Élégant, raffiné, nonchalant, Félix Mogo est le « héros » des bandes dessinées de Christian Cailleaux. Outre des expéditions africaines, ces « tribulations » incluent donc une longue errance en Inde où Félix Mogo cherche à retrouver la trace d’un capitaine de cargo qui a disparu dans le pays. Une quête lente, rêveuse, où le voyage semble être une fin en soi. Évoquant les grands écrivains voyageurs du siècle dernier, cette traversée de l’Inde où il ne se passe pas grand-chose permet à Cailleaux de multiplier sur 140 pages ses élégantes vignettes au dessin dépouillé décrivant le pays. Une invitation au voyage comme tous les ouvrages passés en revue ci-dessus !


ET AUSSI…
Retour à la bande dessinée classique pour terminer. De Keiko Ichiguchi, on connaissait Les cerisiers fleurissent malgré tout, récit autobiographique dans lequel l’artiste japonaise mariée à un dessinateur italien et vivant en Italie racontait comment elle avait vécu la catastrophe de Fukushima. Elle revient aujourd’hui avec La vie d’Otama*****, album dont elle signe le scénario. Le dessin en est réalisé par un autre artiste italien, Andrea Accardi.

À défaut d’être autobiographique, ce récit entre largement en résonance avec la vie de Keiko Ichiguchi. Il s’agit en effet d’une fiction basée sur un personnage réel, Kiyohara Tama, qui, adolescente en 1877, a épousé un artiste italien en séjour à Tokyo avant d’aller s’installer pour l’essentiel de sa longue vie en Italie où elle développera sa propre carrière de peintre. L’histoire oscille entre l’année 1877, celle où la jeune Otama est subjuguée par ce quasi-extraterrestre d’Italien qui lui enseigne des techniques artistiques et des façons de voir complètement nouvelles, et 1936 quand, à l’âge de soixante-quinze ans, où elle revient au Japon après près de soixante ans d’absence.

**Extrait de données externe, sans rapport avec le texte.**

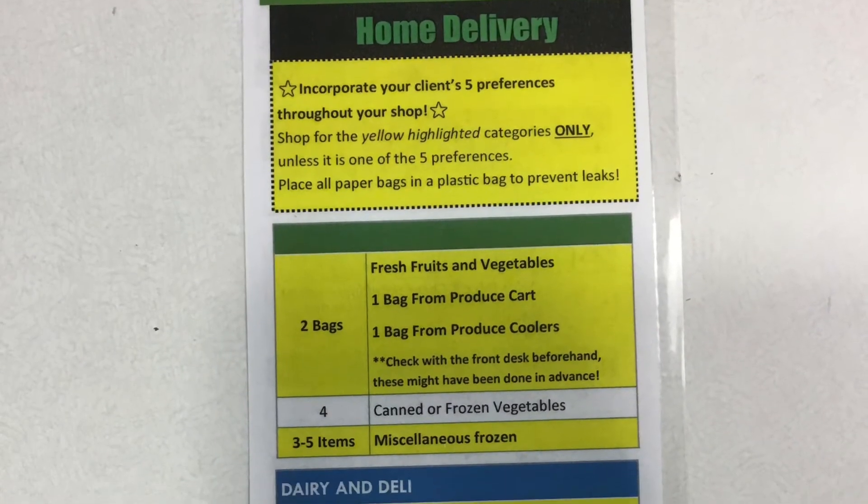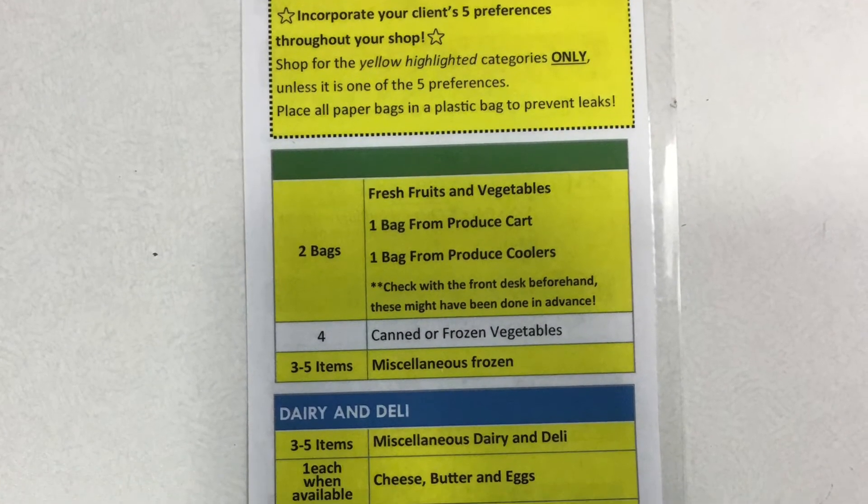Once you have been properly screened, you will be directed to the food shelf room. There you will pack up a pantry box and a laminated list of other foods to pack up. The items highlighted in yellow on the list are the ones that you will pack.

Keiko évoque avec beaucoup de sensibilité le choc des cultures entre le Japon et l’Italie, le combat d’Otama pour s’adapter à sa nouvelle vie italienne, à une époque où une Japonaise était considérée comme une bête curieuse, son intégration tellement poussée qu’elle en vint à oublier le japonais, etc. Son retour à Tokyo en 1936 donne aussi l’occasion d’aborder de façon assez détaillée « l’incident du 26 février », tentative de coup d’État montée par des officiers ultra-nationalistes. Porté par un dessin 100 % manga, quoique italien, le livre est une pleine réussite.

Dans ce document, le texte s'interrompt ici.